Yes, So we -- I will have to say our TiO2 team probably has some of the most sophisticated statistical models of all our businesses based on past experience, marketing conditions, macro factors. So our bottom end of our range and I guess the best way to say when we gave our range for 2019, the biggest swing in that is our TiO2 volume for the whole -- so as you look at our range. And the bottom half of our range is really low demand. As I mentioned before, it's probably a little conservative, but we think that's prudent. We've had a very strong record of delivering against our targets and so we're going to do that. So it is a low demand case. I'm not saying it's a high probability case, but it's low demand case. The higher end of our range is predicated on something that we would consider to be a good recovery in the second half, a solid recovery in the second half. So, in no cases are we saying, hey, we're looking at a recessionary period here. We don't believe that's the case, but there is a big swing in our -- in our low-end case and our high-end case based on volume of TiO2 and that volume is really based on demand. So, yes, it is a conservative, but we think prudent case on the bottom side.

Matthew DeYoe -- Vertical Research Partners -- Analyst

Yes, because just looking, I mean, volumes were down 7% in 2018 in TiO2 and even if you throw like a 50% decrement your low-end is something like down 20% and plastics is only 26% of your TiO2 business I think so. I would -- yeah, OK, we can call it more offline. Thank you.

Mark E. Newman -- Senior Vice President and Chief Financial Officer

Sure.

Operator

Your next question comes from P.J. Juvekar from Citi. Your line is open.

P.J. Juvekar -- Citigroup Inc, -- Analyst

Yes, hi, good morning.

Mark Vergnano -- President and Chief Executive Officer

Hi, PJ.

P.J. Juvekar -- Citigroup Inc, -- Analyst

So, Mark, you had two quarters of negative volume growth in TiO2. I think volumes were down 10% in 3Q and 19% in 4Q and you just mentioned that you did not build inventory. So I'm assuming that you sought well to(ph) your plans back to adjust for demand decline?

Mark Vergnano -- President and Chief Executive Officer

Yes.

P.J. Juvekar -- Citigroup Inc, -- Analyst

So, can you talk about what your utilization and the rates are? And where are your inventories relative to past year ends?

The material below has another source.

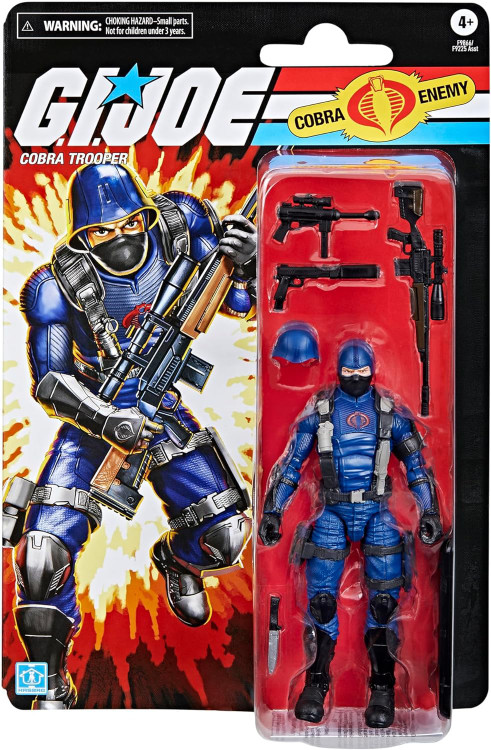 Super7 G.I. Joe Cobra Trooper (Infantería de camuflaje) - Figura de acción G.I. Joe de 3.75 pulgadas con accesorio, coleccionables clásicos de dibujos animados y juguetes retro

Thank you.

Mark Vergnano -- President and Chief Executive Officer

Yes, as Mark said, P.J., most of that inventory is in ore, we do have some pigment inventory because as you said, we slowed down fairly fast in the second half. So yes, we have some pigment inventory as well, but the majority of it is ore inventory and other raw material inventory. As we're looking at the first quarter, we are at lower utilization rates than what we would normally operate at, we think that we'll move up pretty quickly in the second quarter. So I would say, we have one quarter and that we're in right now, which will be low utilization rates compared to the rest of the year. Rest of the year, we'll be ramping up to normal type utilization going forward and that's the way we've decided to operate with the TVF strategy.

P.J. Juvekar -- Citigroup Inc, -- Analyst

Thank you. And then second question on your Opteon and refrigerants, can you talk about a Opteon pricing versus base refrigerant pricing and how much of your business now is in HFOs versus the base refrigerants? Thank you.

Mark Vergnano -- President and Chief Executive Officer

So from a pricing standpoint, in the automotive side we've told everyone you definitely have pricing down when you are with the big OEMs year-on-year, that's part of the productivity, our job is to keep our margins flat by driving productivity to sort of offset that, but on the stationary blends you have pricing opportunities depending on the blends. Remember, as I mentioned to Bob, these are proprietary blends, they're very unique to each of your manufacturers based on the equipment they have. So you have solid pricing opportunities there. I think there is solid value opportunities for our customers as well from that standpoint.

Obviously HFOs will be larger than our base over time. We really don't disclose the split between the two, P.J., but overtime HFOs will be much larger than the base refrigerants, that's our whole goal and reason for being in the refrigerant business to be honest with you. Outside of Europe and the US, the rest of the world is primarily a base refrigerant user. So, those will continue over time until regulation sort of shifts them over to the HFO side.

P.J. Juvekar -- Citigroup Inc, -- Analyst

I'm sorry, Mark, did you say that base refrigerants are flat? Or how is the production shipping there? Thank you.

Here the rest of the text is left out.